The lower house of the Russian parliament (known as the State Duma) just passed a bill that could change the way the internet works within the country. If it becomes a law, websites and apps will be required to store Russian citizens' personal data on servers within the Federation itself. In other words, Russians will only be able to use Facebook, Google, Twitter and most online services if these companies decide to build or rent infrastructure in the country for their sake. That's not all, though: Russian website Lenta also reports that these companies won't even be able to transmit data to the rest of the world from within the Federation without the government's consent.
We've yet to know the exact reasoning behind this bill -- it could be for the sake of national security, or it could be another attempt at controlling what people can access and say on the internet. A couple of months ago, the government started requiring bloggers to register their names and email addresses, and even adhere to a strict set of restrictions if their blogs get considerable traffic. President Putin has also amended Russia's anti-extremist law to include punishment for people who post what the government deems as extremist views on blogs, social media and other online means of communication.

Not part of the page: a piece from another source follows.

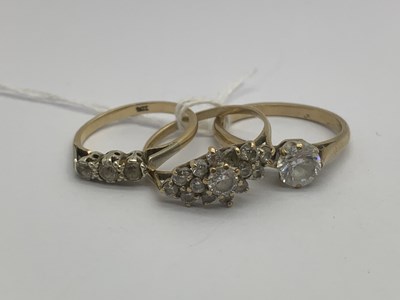 Lot 98 - A 9ct Gold Single Stone Ring, round cut...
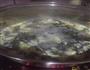 紫菜蛋花虾米汤的做法图解5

It could also be part of the country's efforts to ditch Western tech in favor of homegrown ones. Just this June, a Russian newspaper reported that government agencies and state-run companies will no longer purchase computers built around Intel or AMD processors. They'll be buying PCs that use a locally manufactured processor called "Baikal" instead.
Thankfully, online companies will have a bit of time to prepare, as the the bill still has to go through more stages before it becomes a law. In the event that it does pass, anyone who wants to continue operating within Russia will have to start migrating data before the law takes effect in September 2016.